2.3. Named graphs

This section describes named graphs, which are stored in memory and can be referenced by a user-defined name. When Neo4j is restarted, named graphs are lost and will need to be reloaded.

As it can take some time to load large graphs into the algorithm data structures, you can pre-load graphs and then later refer to them by name when calling graph algorithm procedures. After usage, they can be removed from memory to free resources used.

2.3.1. Visibility of named graphs

Loading, using, listing, and removing named graphs are user-related management operations. Graphs created by a different Neo4j user are not accessible at any time.

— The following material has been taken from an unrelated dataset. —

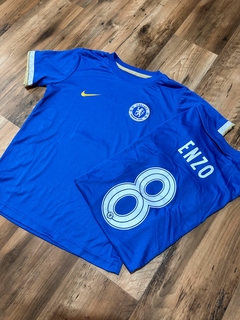 Camiseta Chelsea Enzo nino lisa Hooligans Bahia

2.3.2. Loading a named graph

We can load named graphs using either a node-label and relationship-type or a Cypher projection.

The following will load a graph with the name 'my-graph', for node label Label and relationship type REL_TYPE

CALL algo.graph.load('my-graph', 'Label', 'REL_TYPE', {graph: 'huge' /*, ... other config */})
YIELD name, graph, direction, undirected, sorted, nodes, loadMillis, alreadyLoaded,
      nodeProperties, relationshipProperties, relationshipWeight, loadNodes, loadRelationships;

If we want to load a graph based on a Cypher projection, we should specify graph:'cypher' in the config.

The following will load a named graph using Cypher projections for nodes and relationships. 

CALL algo.graph.load('my-graph',
  'MATCH (n) RETURN id(n) AS id',
  'MATCH (a)-->(b) RETURN id(a) AS source, id(b) AS target',
  {graph:'cypher' /*, ... other config */})
YIELD name, graph, direction, undirected, sorted, nodes, loadMillis, alreadyLoaded,
      nodeProperties, relationshipProperties, relationshipWeight, loadNodes, loadRelationships;

Once we’ve loaded a named graph we can return details about it.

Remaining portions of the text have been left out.